ILLINOIS (WAND) - The Illinois Move Over Task Force has shared its report on the cause of Move Over Law crashes and proposed ways to protect law enforcement, emergency responders and all drivers.
Gov. JB Pritzker had formed this task force in 2019 following the roadside deaths of Illinois State Police Troopers Brooke Jones Storey and Christopher Lambert. The group looked into the Move Over Law (also known as Scott's Law), which mandates drivers change lanes if they approach stopped emergency vehicles, including highway maintenance vehicles showing flashing lights and any stopped vehicle with hazard lights on. The law requires drivers to proceed with caution, slow down and leave a safe distance until they pass if they can't safely change lanes.
The Move Over Task Force has 17 members and is chaired by Illinois State Police Director Brendan F. Kelly. It met five times in 2020 to determine ways to educate drivers, promote compliance with the law and keep further tragedies from happening.
Pritzker called the protection of troopers and first responders a "top priority for my administration." He said the report is "an important step forward" in work to protect the men and women who serve on Illinois roadways.

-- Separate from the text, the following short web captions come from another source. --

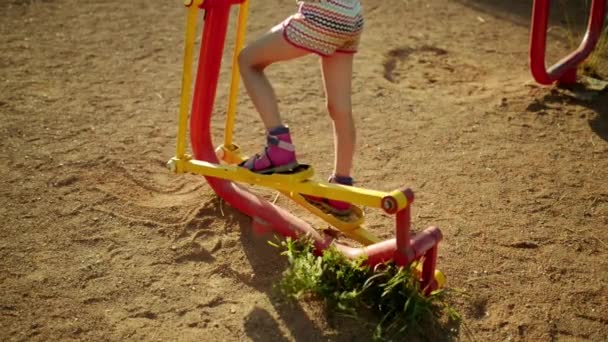 Pequena menina bonita envolvida em aparelhos de treinamento esportivo no parque da cidade de verão . — Vídeo de Stock
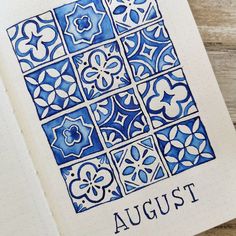 an open notebook with blue and white tiles on the cover that says august written in cursive ink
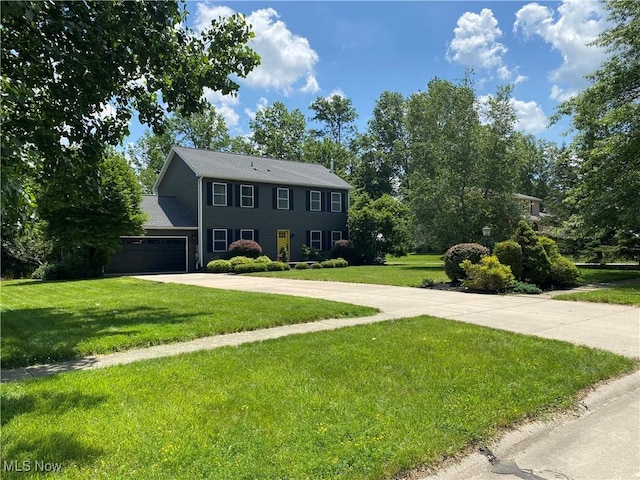 13781 Rustic Dr, North Royalton, OH 44133 - colonial house featuring driveway, a front lawn, and an attached garage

A press release from state police said the task force made the following recommendations:
- Adding improvements to the existing Illinois Move Over Law. As written, the law requires vehicles to make a lane change (Move Over) from the stationary authorized emergency vehicle. If a lane change is not available, vehicles must reduce their speed. The Task Force believes for vehicles to “proceed with due caution,” they should always reduce speed. Therefore, laws should say “Move Over AND Slow Down, as opposed to Move Over OR Slow Down.
- Inclusion of distracted driving as an aggravating factor for violations of the Move Over Law.
- Continued support of federal legislation, such as the Protecting Roadside First Responders Act. The Task Force agrees “Move Over” laws should be a new national safety priority in addition to existing federal grant program to increase public awareness
- More flexibility within the Illinois Procurement Code to make public safety-informed decisions on what is best for first responders when it comes to the health and safety of the public. The Task Force recommends the General Assembly pass legislation to encourage swifter acquisition of necessary public safety technology and equipment in the Illinois Procurement Code.
- Encourage the Illinois Department of Transportation to amend crash reports to capture “Move Over” law crashes and the Administrative Office of Illinois Courts to amend traffic citations to included a box to denote “Move Over” law violations. This would allow the better, more precise collection of data across all law enforcement agencies.
- Encourage all organizations with traffic safety-oriented missions to continue their efforts educating the public on the Move Over laws and to continue to research and develop new technology and evaluate what other law enforcement agencies are doing to mitigate the risk.
Along with its recommendations, the task force spent time looking into crash-avoidance technology. This included systems that use an alert to let drivers know they're approaching an emergency vehicle on the shoulder of the road, giving them more time to slow down and move over.
Troopers said ISP has worked to use technology that reduces the amount of time they spend on the side of roads working crashes, conducting inspections and competing traffic stops. ISP has announced new squad cars will have push bumpers that allow troopers to remove traffic-obstructing vehicles from roads when possible.
“We have lost so many first responders unnecessarily as they do their jobs on the side of the road,” said State Sen. Dan McConchie, a task force member. “It is the job of every driver to slow down, move over and do everything possible to protect our law enforcement, fire and EMS, and highway workers who are willingly putting themselves in harm’s way every day. I hope this task force’s work will help us save lives. I look forward to continuing to work on this issue in the months and years to come to make Illinois roads safer for everyone.”
“While progress has been made and public awareness has increased regarding Move Over laws, the daily threat to all first responders remains far too high,” said Kelly. “The good work of this task force advances the cause of protecting roadside first responders, but there is still more work to be done.”